Interview

Andrew Edwards

Group Chief Executive

Leo Burnett London

Andrew Edwards has arrived for our interview carrying a selection of books which he has just bought from the company’s book fair in the cafeteria. Apart from a book about dogs, designed to help him cope with a beloved family pet, his books are about the beauty of Britain. The choice is significant, Andrew has only been back in London for three years after two decades of living and working in Australia and has rediscovered his love of England. “When I was living in Australia I suppose I didn’t really miss England,” he says. “But that’s because I forgot all the things that make it great, I’m delighted to be back.”

When he was 20, Andrew craved adventure and found it by cycling across Europe with one of his closest friends Simon. They succeeded in getting as far as Israel and then realised they couldn’t go any further. After swiftly selling their bikes, a return to England beckoned and they both flew home full of wanderlust that would prove impossible to shake. “I laboured for a while laying down running tracks, but as soon as we had enough money to resume our travels we were off. I flew out to Australia with Simon. I think we had £50 each to our names.”

Arriving in Australia at 22, Andrew had no professional contacts, but fortuitously found work at a direct marketing agency called Cartwright Williams soon after arriving. “By chance, I got a job at Cartwright Williams. They were struggling with a big catalogue and needed some help. I took the job and ended up staying with them for a long time.” A long time transpired into eventually running the company himself and expanding their business. In 1998, Cartwright Williams was sold to Leo Burnett and Andrew began his long relationship with the company.

He eventually became managing director of Leo Burnett Sydney and helped them become Australia’s top agency in 2005. He was then made president of Arc for Europe, the Middle East and Africa, before finally coming to his position as Group CEO of Leo Burnett London. Despite being extremely happy about his move to London, Andrew still credits his years down under as helping to form his career in marketing. “I absolutely credit Australia,” he says. “It’s a really interesting place to work, you have every major agency, every major brand, with 18 or 19 million people, so it’s ultra competitive, any slip ups and you’re done.
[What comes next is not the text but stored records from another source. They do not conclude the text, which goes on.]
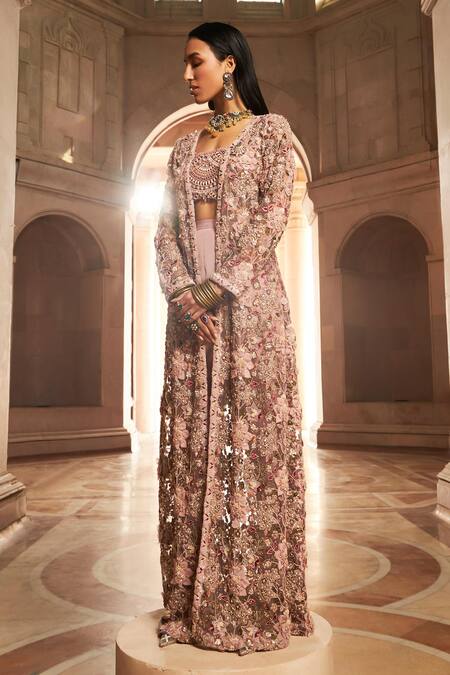 Buy_Ridhima Bhasin_Pink Organza Sequins, Pearls, Cut Rabia 3d Floral Embellished Jacket Pant Set _Online_at_Aza_Fashions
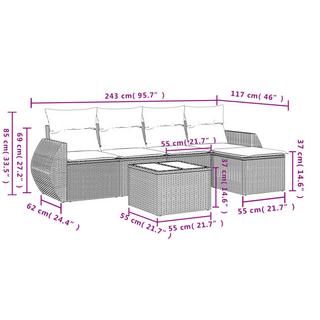 VidaXL set divano da giardino Polirattan  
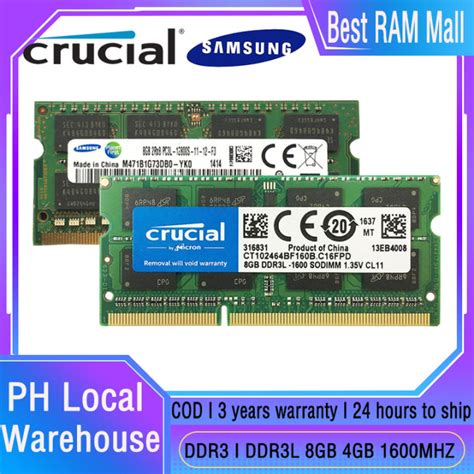 【3 Years Warranty】crucialsamsung Ddr3ddr3l Ram 8g 4g 1600mhz Pc3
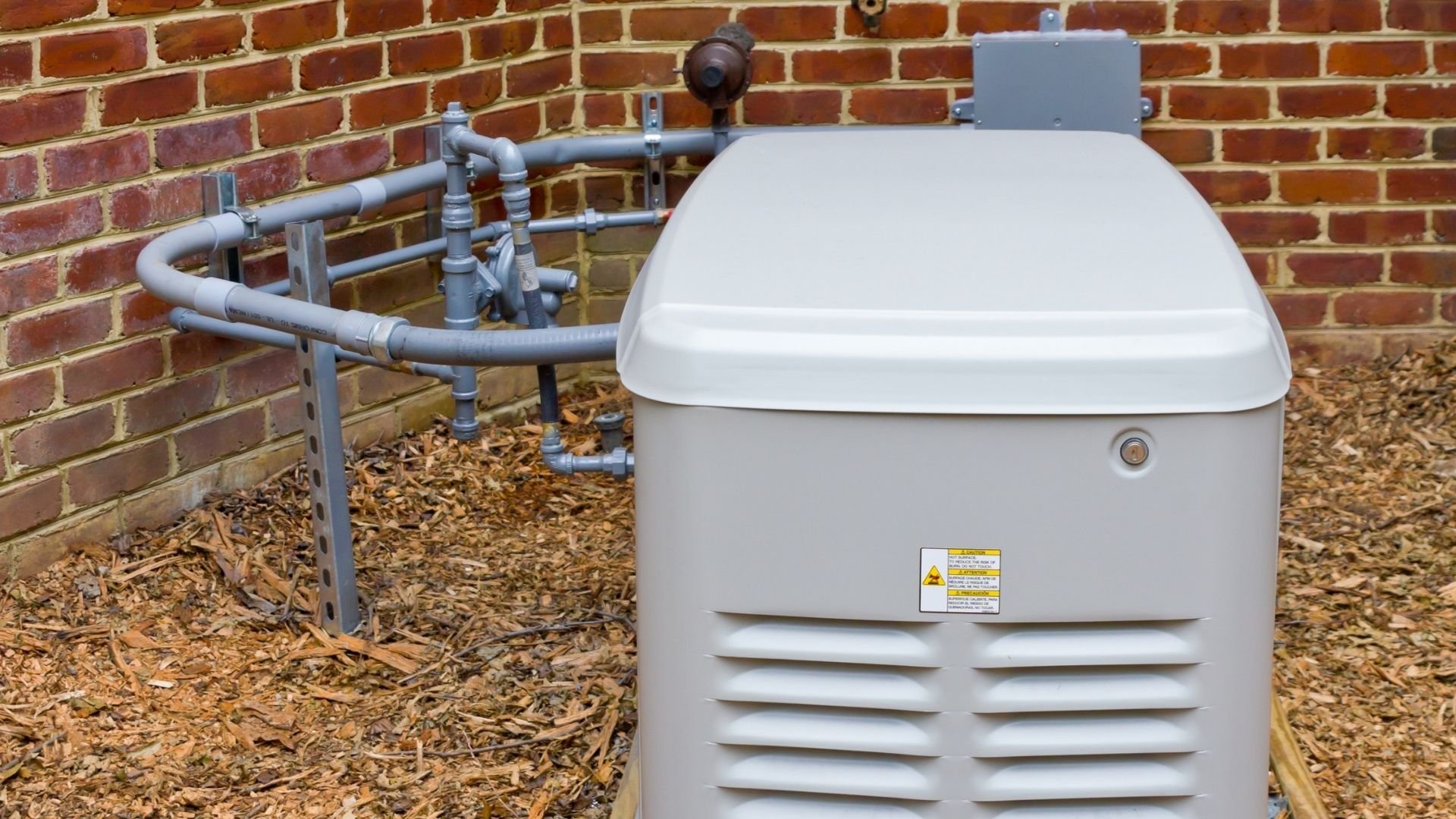 White home generator with pipes installed on brick wall and wood chips ground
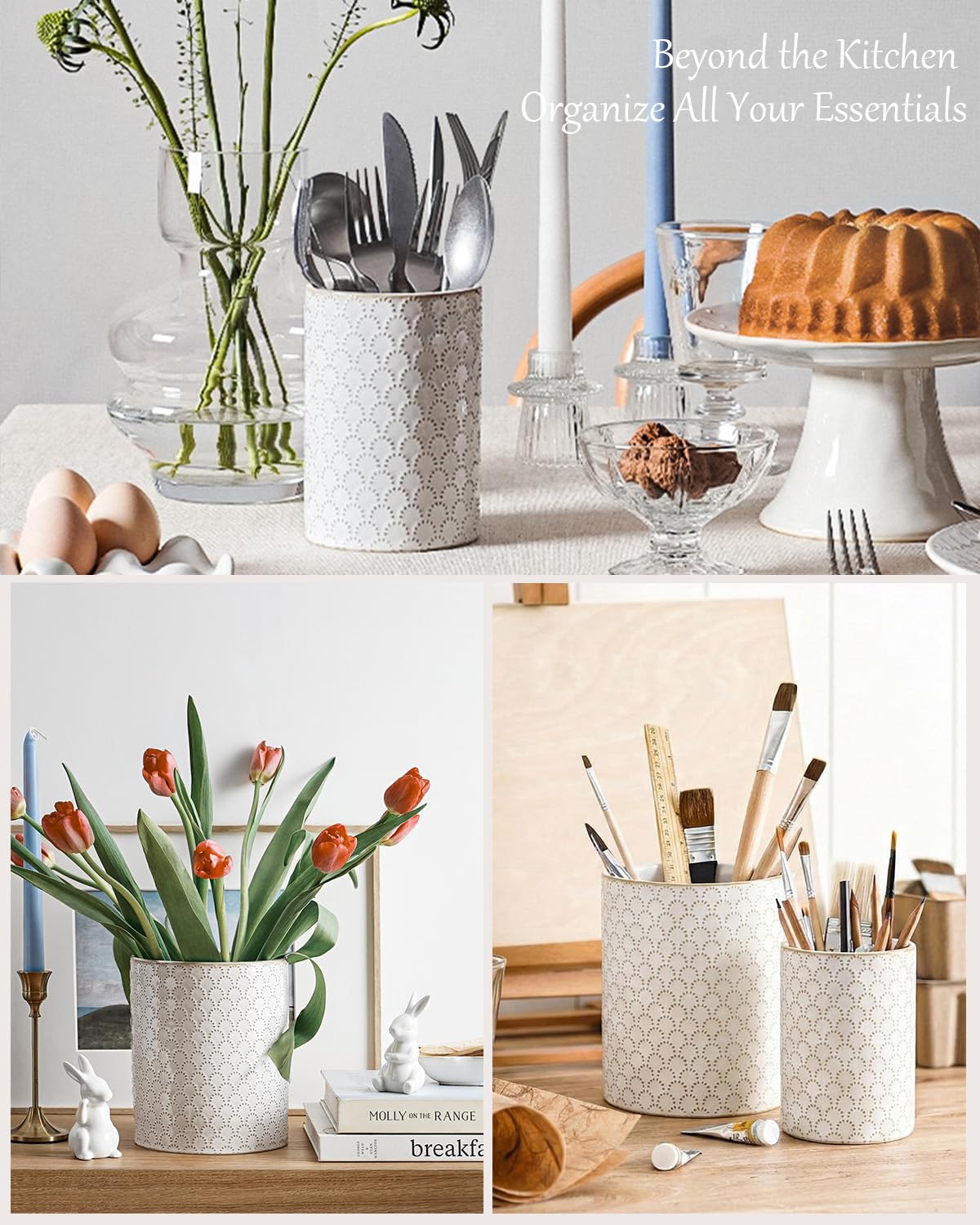 LE TAUCI Kitchen Utensil Holder for Countertop - 7.1"+5.4" Ceramic Utensil Crock Set of 2, Large Cooking Utensil Organizer for Spatula, Spoon, Whisk - Farmhouse Storage, Embossed, Fireworks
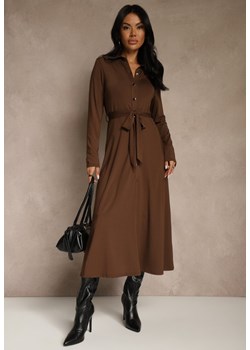 Brązowa Długa Sukienka Koszulowa z Wiązaniem w Talii Levae ze sklepu renee.pl w kategorii Sukienki - zdjęcie 187470910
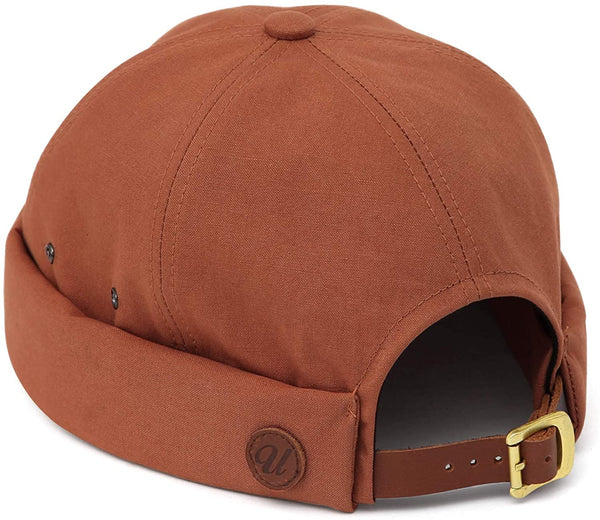 Geldrop Brick Brimless Leather Strap Beanie Cap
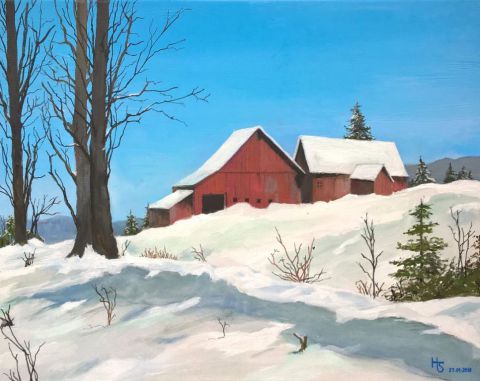 Vieille ferme sous la neige - Peinture - Henri SACCHI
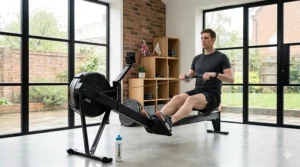 A tall rower achieving full leg extension on an indoor rowing machine without hitting the seat stoppers.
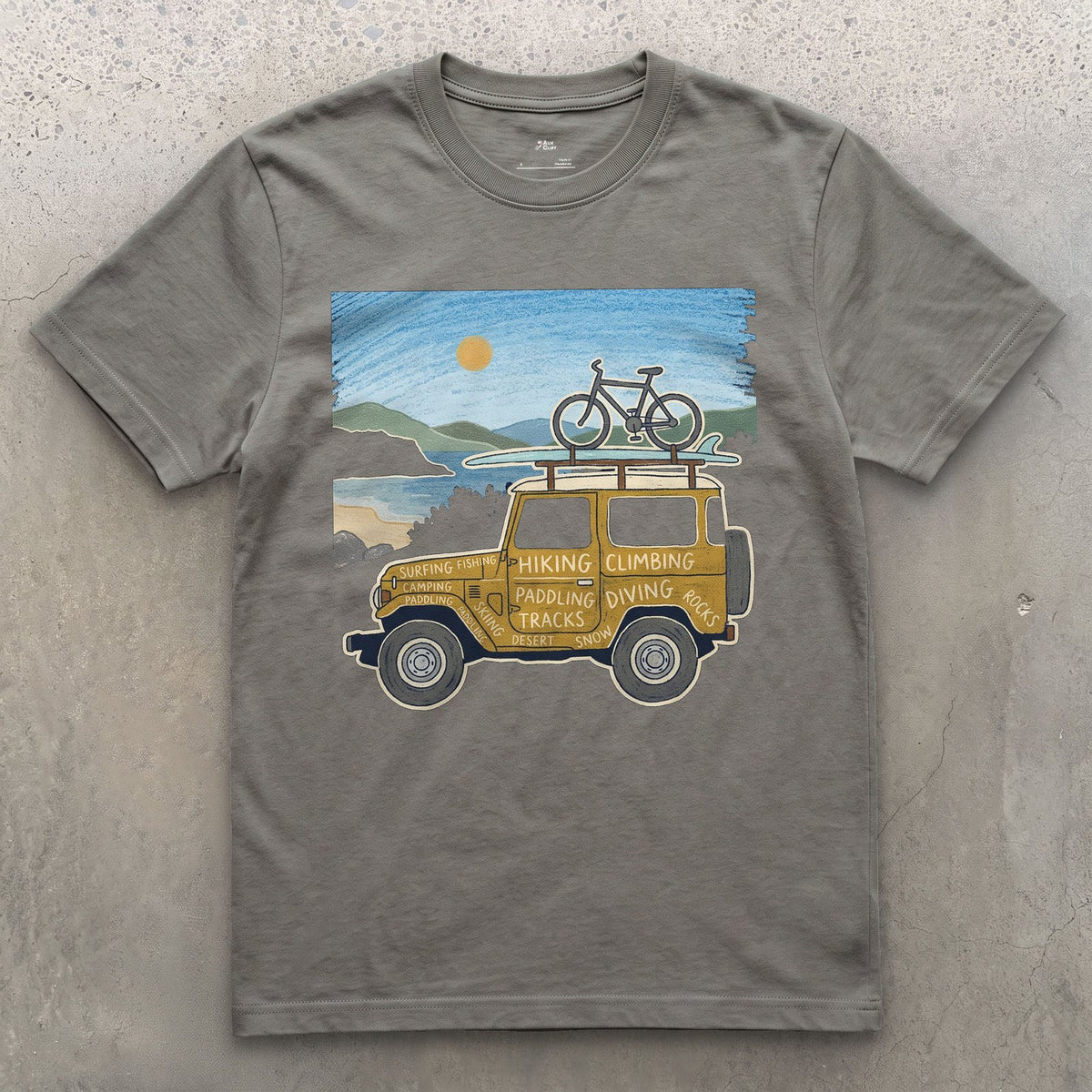 4x4 Beside the Water, Every Sport Painted On design on a Charcoal Gildan Softstyle t-shirt
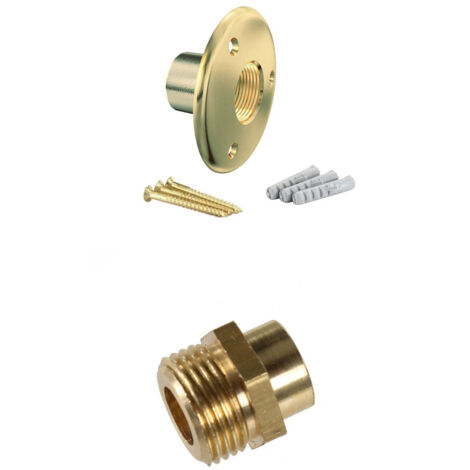 Arcanaute – Applique de fixation pour robinet de jardin – Tube cuivre Ø16 – Raccord à souder mâle 1/2' (15/21) – Laiton brut – Fixation solide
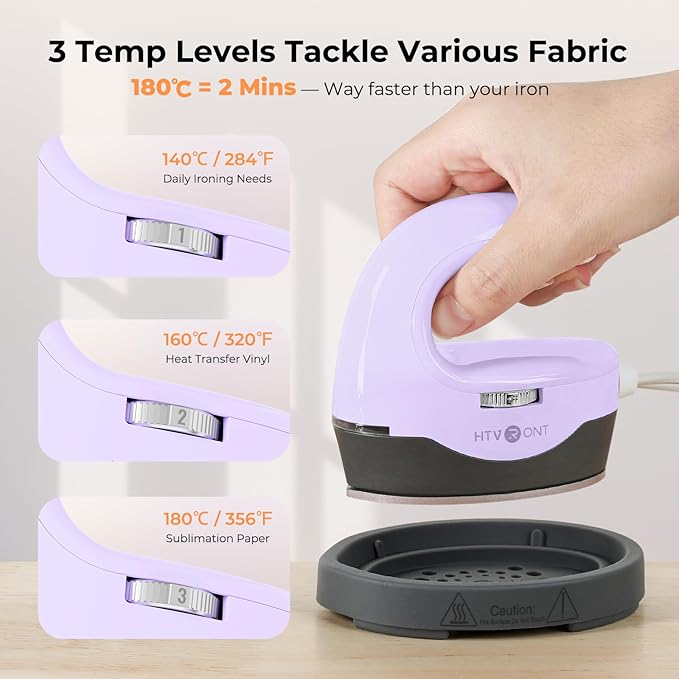HTVRONT Heat Press H1 Mini Heat Press Machine, Small Heat Press Portable Iron Press Machine for T Shirts, Hats, Heating Transfer Projects (H1 Lavender Purple)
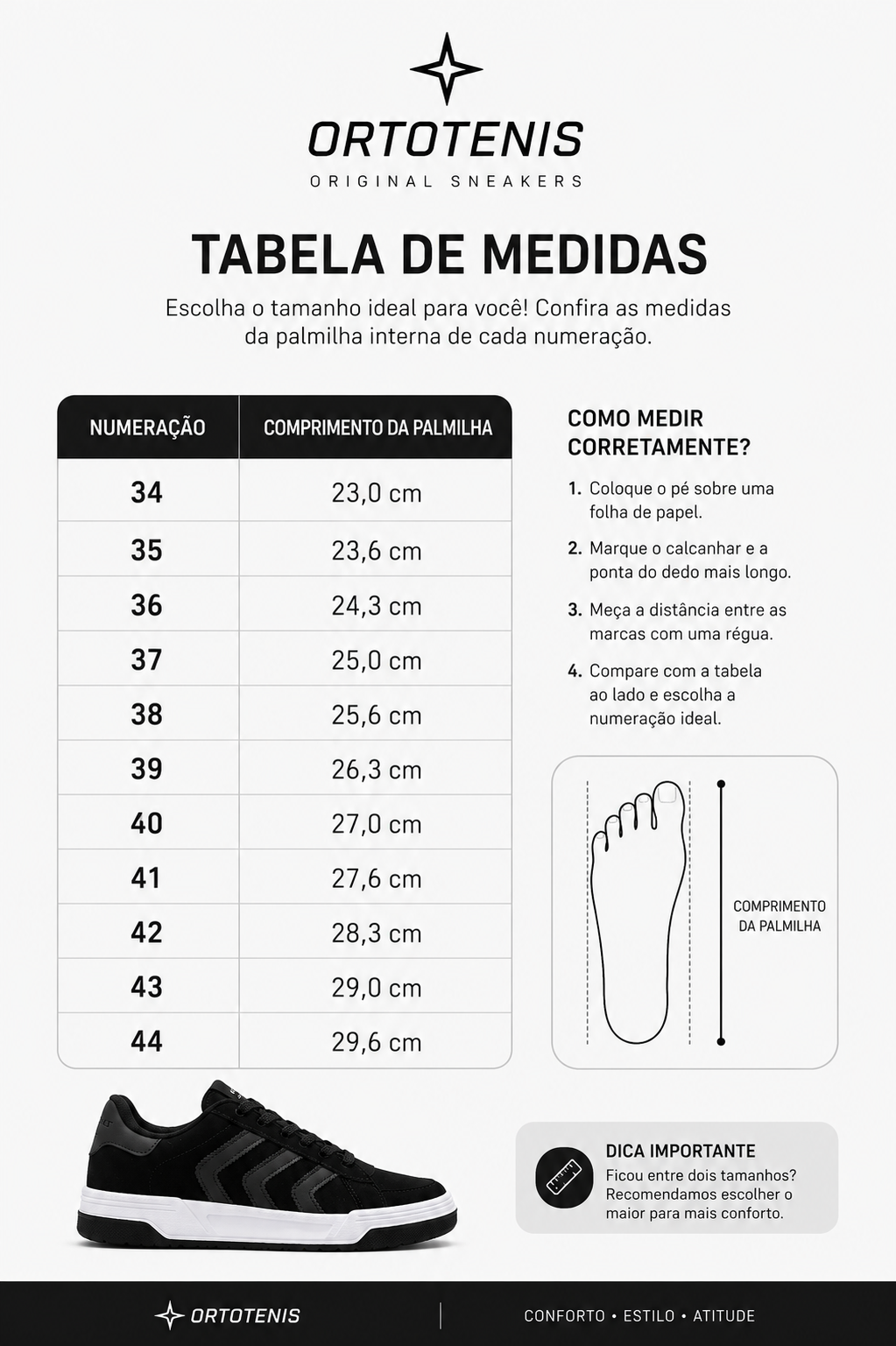 Tênis Ortotenis Original Sneakers Urban Motion Black/White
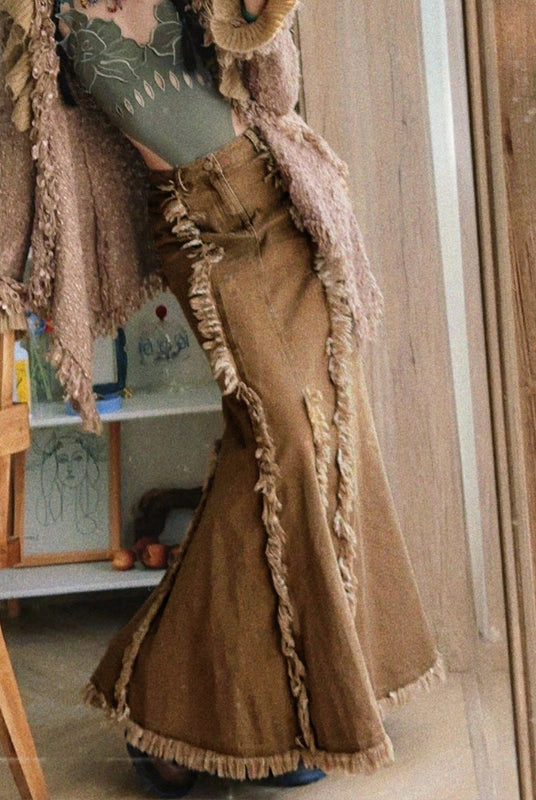 Frayed Trim Bodycon Mermaid Skirt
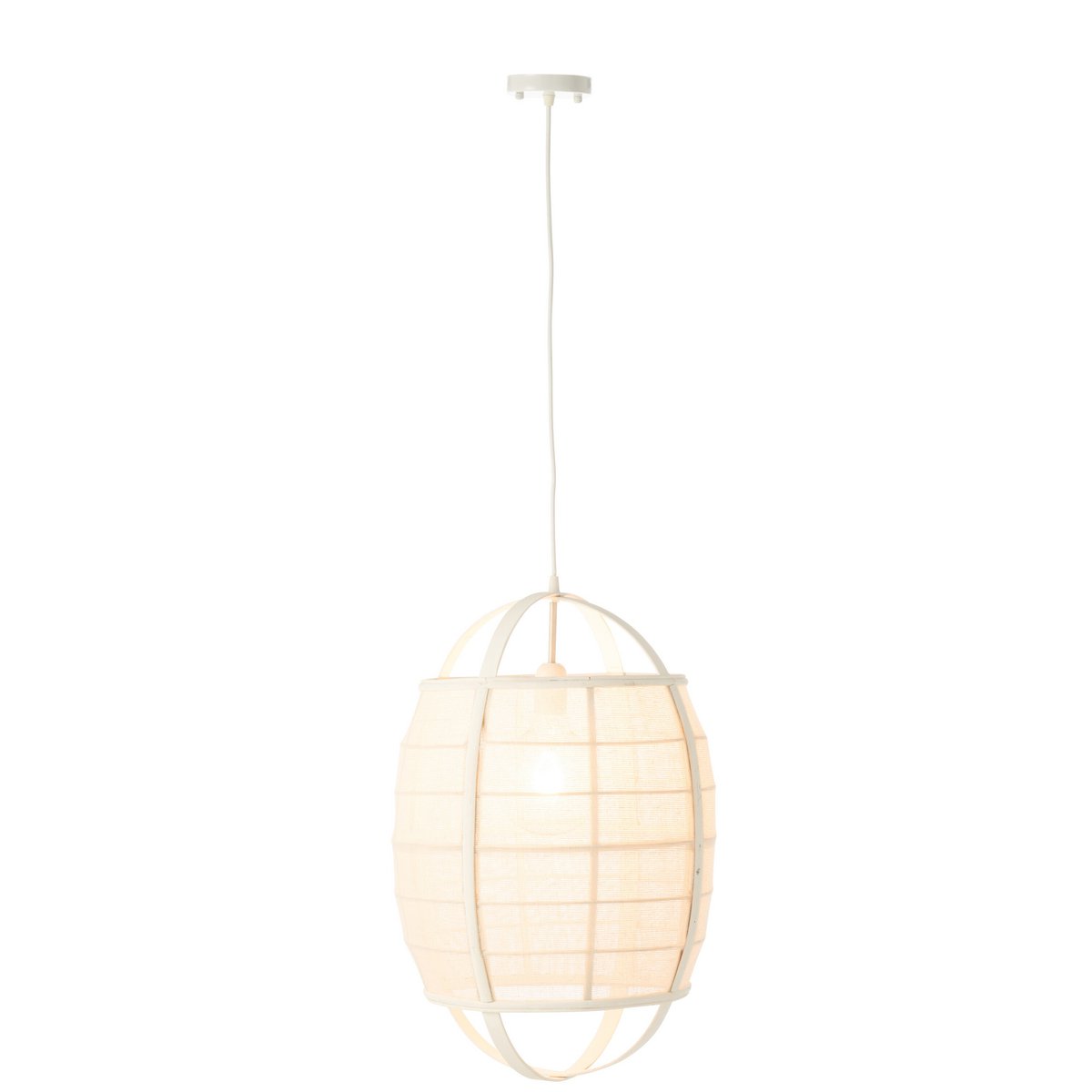 J-Line Hanglamp Ion Linnen/Bamboe Wit Small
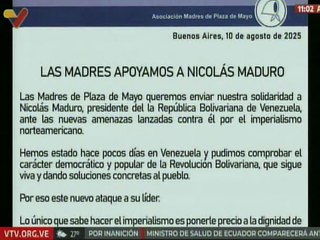 Madres de Plaza de Mayo ratifican su apoyo y solidaridad al presidente Maduro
Great service is expected on extremely creative and hard working campaigns and on a low budget, so I’d say if you succeed in Australia, you can succeed anywhere.”

A key thing about Leo Burnett is the lack of a rigid hierarchy. You are free to talk to anyone in the building freely. For this interview, I asked to speak to Andrew and was sitting in his office shortly after. He believes this culture is crucial to the agency’s success. “Leo Burnett is a friendly place to work, but why wouldn’t it be? I don’t believe in having a hierarchy, the thing is we’re all at different stages in our careers but we equally all want to work together as a team. The best thing about this agency is the people, I believe it’s the best group of individuals in any London agency.”
Andrew heads up the executive committee at Leo Burnett and is excited about the challenges they face. “I really like working with the ex co here, we want to make Leo Burnett London the centre of the world and we’ll see how far we can get it. There’s no ceiling at all for our objectives, we have open discussions all the time and the possibilities are infinite.”

The Leo Burnett graduate foundation has just opened, and Andrew has some interesting advice for completing your applications. “One thing you have to be is yourself, put down what you want, and write what you think best explains yourself. If you don’t think you have the right qualifications, don’t worry, make sure you give it a go anyway. When I look at a CV, I don’t just look at academic qualifications, I look at a myriad of things, previous employment, length of tenure, interests and hobbies. If people have great characteristics, we want to hear from them. We are a personality industry. Regardless of your background, we are primarily interested in you as a person.”